I can’t recall this blokes name or much about him except that he was Irish, didn’t much like or give a damn about the running of the wet canteen just enjoyed the money; it was a good paying job with all food and accommodation thrown in; but he was anxious to move on.
At this time he was getting ready to open the bar for the night session. The ‘Wet’ operated two shifts , morning from 09.30 ’til 11.30 and afternoon from 16.00 ’til 22.00. The idea being to give the man coming off the afternoon/ night shift time to get cleaned up have their dinner/breakfast then get some sleep before heading back out to the mine site to start again in the afternoon.
Those on the day shift had the nights off and they got their drinking done between 18.00 and 22.00, and the gluttons for punishment would then wander over to “The Club” and stay drinking there ’til they closed around 23.30 I think it was, I’d slip over some nights after closing up my place and have a couple of quiet ones with some of ‘my boys’. I didn’t do this often as I had an early rise seven days a week; and I’m going to tell you why shortly.
My Irish ‘chum’ gave me the run down on the ‘Wet’ as he was getting ready to open and we ran through the bookwork which was pretty straight forward and simple.
I found that the ‘Wet’ sold only beer; anybody wanting wines or spirits had to join “The Club”. I also found that the ‘Wet ‘ was not a very busy place doing 4 kils (kilderkins) a week and around 40 cartons (24 cans per carton), I thought Paddy (I’ll call him that for want of a name) was having me on. Here we were in a mining town in one of the hottest if not the hottest place in Australia and he was pulling 4 kils and 40 cartons in a township of just under 800 souls mostly single men.
Really, I thought he was having me on, the Irish are supposed to have a weird sense of humour, but no he was fair dinkum. I asked him what he was doing and he just sort of shrugged. He really didn’t care.
When we were going over the books he advised me that Perth (Poone’s) were happy to get around $78 a keg, the landed cost at Shay was just under $27 which gave them around $50 profit a keg, he was not selling enough to pay his wages and they were happy? Something funny going on here. The margin on the cans wasn’t as good by a long chalk.
Anyway when he opened up I could see why the place was only doing 4 a week, the place was dead there were two pool tables and a few bored blokes playing, I got the feeling that the reason that they came in was to eye off the new bloke (me) and as I wasn’t actually working I had a few beers with some of my new customers to be and made myself known.
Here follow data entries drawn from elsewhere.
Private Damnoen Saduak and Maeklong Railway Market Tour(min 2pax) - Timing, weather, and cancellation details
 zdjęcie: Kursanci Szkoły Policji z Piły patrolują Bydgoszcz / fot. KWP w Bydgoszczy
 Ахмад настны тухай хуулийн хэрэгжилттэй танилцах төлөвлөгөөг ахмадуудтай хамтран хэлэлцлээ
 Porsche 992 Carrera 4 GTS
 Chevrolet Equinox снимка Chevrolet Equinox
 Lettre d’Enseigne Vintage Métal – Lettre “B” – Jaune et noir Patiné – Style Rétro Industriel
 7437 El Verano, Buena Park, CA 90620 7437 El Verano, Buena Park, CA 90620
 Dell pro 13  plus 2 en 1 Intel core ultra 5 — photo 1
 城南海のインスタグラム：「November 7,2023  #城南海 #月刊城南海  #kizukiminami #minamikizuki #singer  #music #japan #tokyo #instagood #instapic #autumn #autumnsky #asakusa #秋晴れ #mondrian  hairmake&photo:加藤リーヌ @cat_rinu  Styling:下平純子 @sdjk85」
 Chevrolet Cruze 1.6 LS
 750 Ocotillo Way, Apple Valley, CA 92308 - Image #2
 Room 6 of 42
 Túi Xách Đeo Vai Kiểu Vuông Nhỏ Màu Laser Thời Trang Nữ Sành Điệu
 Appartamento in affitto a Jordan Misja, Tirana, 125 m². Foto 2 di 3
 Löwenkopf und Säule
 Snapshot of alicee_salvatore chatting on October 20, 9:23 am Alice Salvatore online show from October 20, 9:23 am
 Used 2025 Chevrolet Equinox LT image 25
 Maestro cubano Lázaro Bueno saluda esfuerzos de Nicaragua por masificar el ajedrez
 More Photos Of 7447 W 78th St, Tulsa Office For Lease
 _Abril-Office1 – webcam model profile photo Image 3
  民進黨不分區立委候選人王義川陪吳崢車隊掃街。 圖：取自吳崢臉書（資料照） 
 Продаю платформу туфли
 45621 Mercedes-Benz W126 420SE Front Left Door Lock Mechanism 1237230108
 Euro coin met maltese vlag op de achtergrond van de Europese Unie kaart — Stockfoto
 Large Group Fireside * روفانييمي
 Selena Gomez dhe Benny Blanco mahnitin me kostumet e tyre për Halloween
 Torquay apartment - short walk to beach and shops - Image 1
Before I go too far I’d better explain the beer. In Western Australia back in the 70’s they were not using the standard drink sizes as put out by the AHA the drinks came in the following sizes; a glass 5 oz, a middy or schooner 7 oz , a pot 10 oz and a pint 15 oz.
The most common/popular was the pot and the serious drinkers stuck with the pints. And me? I stuck to the glass; I would have several drinks during a day and I never varied I stuck to the 5 oz. and I never reneged when it came to my “shout”! I’d been in the business too long.
My first and only night with Paddy was an eye opener, he had four taps hooked up to two banks of one keg a bank. I’d never seen anything like this, the total spillage at the end of the night was probably more than he sold, I said nothing.
The next morning was pretty much the same except while he was getting the bar set up and ready he had his first, I can’t say best, customer for the day. The main singles men’s mess and the senior single management staff mess were part of the same building as the “Wet Canteen” and the Chef was in the habit of coming in while Paddy was setting up shop and keeping him company by downing two or three or more cans of beer while the cooks were working away in his kitchens. He was Swiss and a drunk with a bit of an ego. Naturally he never paid.
Paddy asked me when I thought I’d be ready to take over and I told him that I’d take over after he closed up for the morning, he thought I was kidding and I assured him that as far as I was concerned there wasn’t much that I couldn’t work out for myself and if he wanted to finish up it was fine with me.
After we closed up for the morning he handed over the keys to me and we said farewell; I never saw him again. Whether he was able to leave town that day or not I didn’t know and I didn’t really care, I thought he was a lazy useless bludger and I wanted to see the back of him as soon as possible.
I could see plenty of prospect for ‘The Wet’!